Re: Hot standby, recovery infra

From: Heikki Linnakangas <heikki(dot)linnakangas(at)enterprisedb(dot)com>
To: Simon Riggs <simon(at)2ndQuadrant(dot)com>
Cc: PostgreSQL-development <pgsql-hackers(at)postgresql(dot)org>
Subject: Re: Hot standby, recovery infra
Date: 2009-02-04 17:03:49
Message-ID: 4989CA75.4030206@enterprisedb.com
Views: Raw Message | Whole Thread | Download mbox | Resend email
Thread:
Lists: pgsql-hackers

Simon Riggs wrote:
> * I think we are now renaming the recovery.conf file too early. The
> comment says "We have already restored all the WAL segments we need from
> the archive, and we trust that they are not going to go away even if we
> crash." We have, but the files overwrite each other as they arrive, so
> if the last restartpoint is not in the last restored WAL file then it
> will only exist in the archive. The recovery.conf is the only place
> where we store the information on where the archive is and how to access
> it, so by renaming it out of the way we will be unable to crash recover
> until the first checkpoint is complete. So the way this was in the
> original patch is the correct way to go, AFAICS.

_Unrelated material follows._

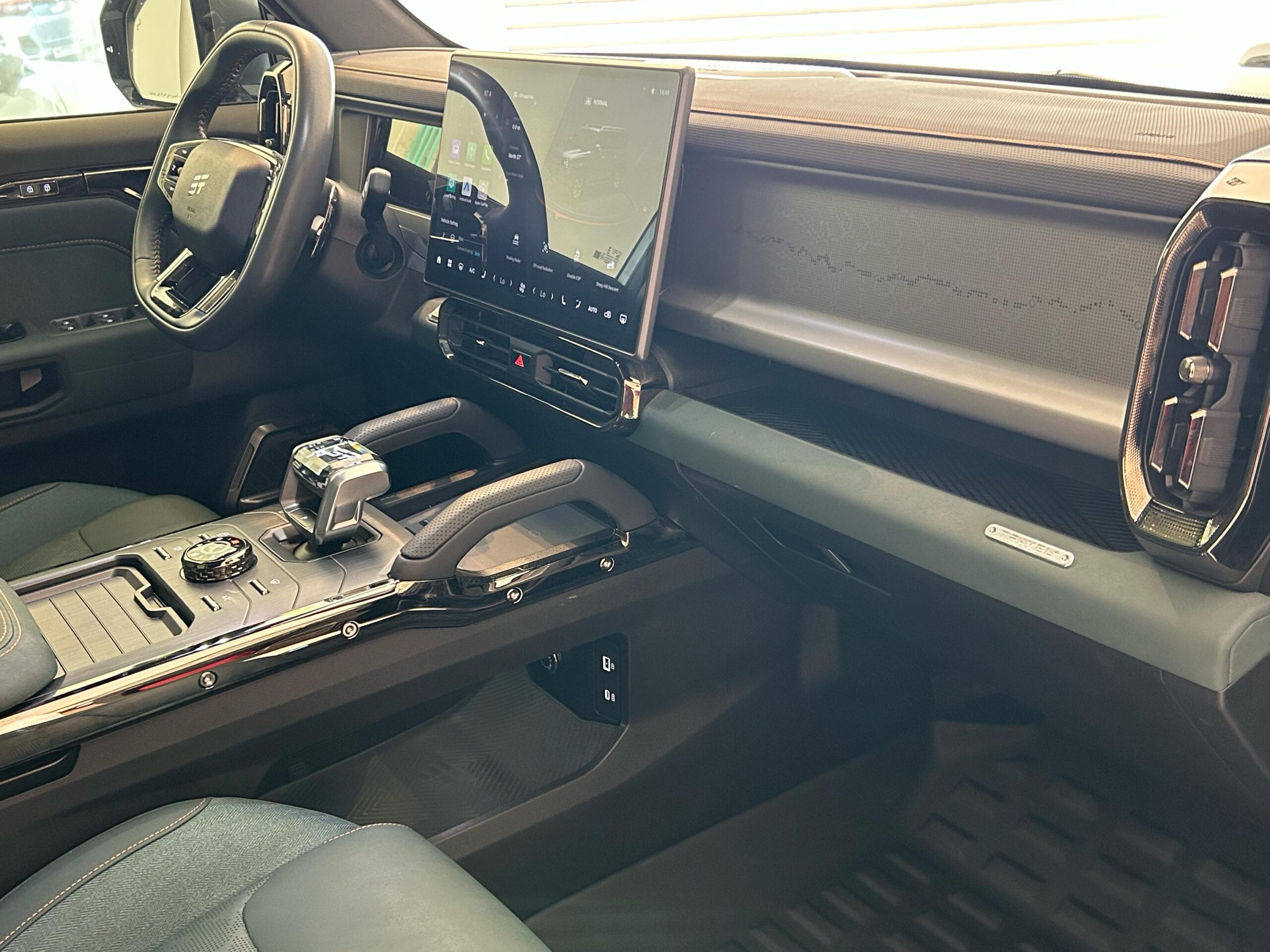Jetour T2 (Full Option) Model: 2025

I can see what you mean now. In fact we're not safe even when the last
restartpoint is in the last restored WAL file, because we always restore
segments from the archive to a temporary filename.

Yes, renaming recovery.conf at the first checkpoint avoids that problem.
However, it means that we'll re-enter archive recovery if we crash
before that checkpoint is finished. Won't that cause havoc if more files
have appeared to the archive since the crash, and we restore those even
though we already started up from an earlier point? How do the timelines
work in that case?

We could avoid that by performing a good old startup checkpoint, but I
quite like the fast failover time we get without it.

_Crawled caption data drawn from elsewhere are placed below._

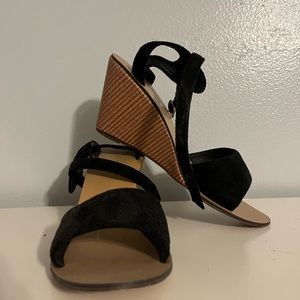 One purchase + two pairs + neutral colors = endless opportunities!!! Size US 7.5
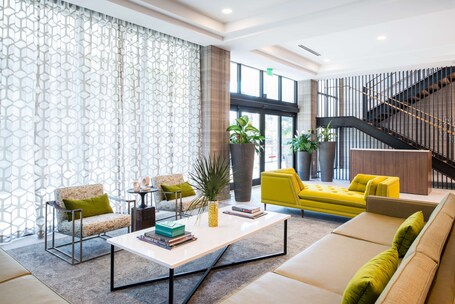 Hampton Inn Suites Miami Wynwood Design District - Image 27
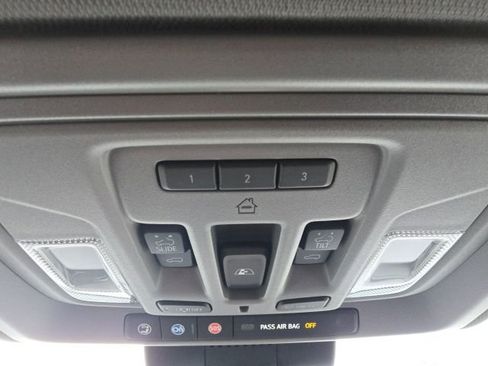 Used 2025 Chevrolet Silverado 1500 LT Trail Boss w/ Convenience Package II image 43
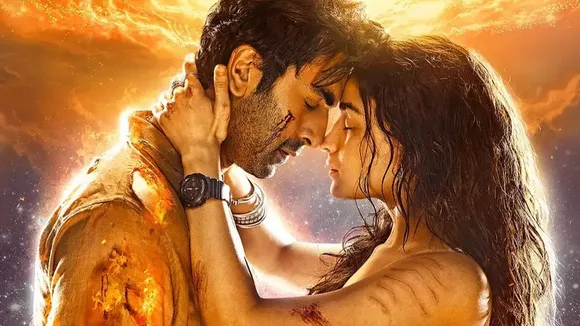 brahmastra, brahmastra box office, brahmastra box office day 4, brahmastra box office collections, ranbir kapoor, ayan mukerji, alia bhatt, karan johar, amitabh bachchan, Ranbir Alia, রণবীর কাপুর, আলিয়া ভাট, রণবীর আলিয়া, ব্রহ্মাস্ত্র, ব্রহ্মাস্ত্র বক্সঅফিস কালেকশন, ব্রহ্মাস্ত্র বক্সঅফিস আয়, অয়ন মুখোপাধ্যায়, করণ জোহর, Box office report, Indian express Entertainment News, Bengali news today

> * my original intention was to deprecate log_restartpoints and would
> still like to do so. log_checkpoints does just as well for that. Even
> less code than before...

Ok, done.

> * comment on BgWriterShmemInit() refers to CHECKPOINT_IS_STARTUP, but
> the actual define is CHECKPOINT_STARTUP. Would prefer the "is" version
> because it matches the IS_SHUTDOWN naming.

Fixed.

> * In CreateCheckpoint() the if test on TruncateSubtrans() has been
> removed, but the comment has not been changed (to explain why).

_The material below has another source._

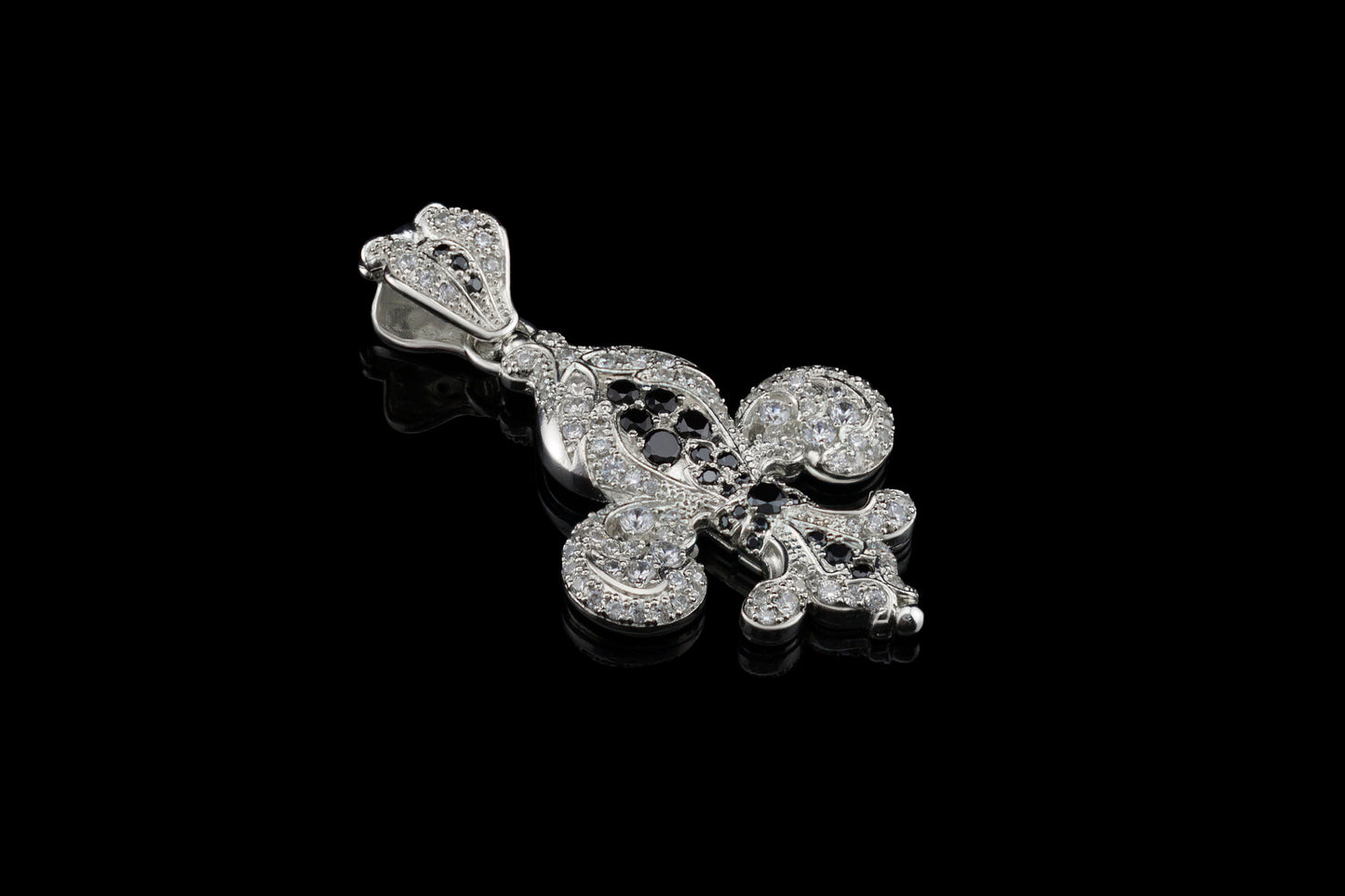 Fleur de Lis silver  pendant Mary Gemstones silver pendant Black and white gems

Thanks, comment updated. (we now call CreateCheckPoint() only after
recovery is finished)

> We should continue to measure performance of recovery in the light of
> these changes. I still feel that fsyncing the control file on each
> XLogFileRead() will give a noticeable performance penalty, mostly
> because we know doing exactly the same thing in normal running caused a
> performance penalty. But that is easily changed and cannot be done with
> any certainty without wider feedback, so no reason to delay code commit.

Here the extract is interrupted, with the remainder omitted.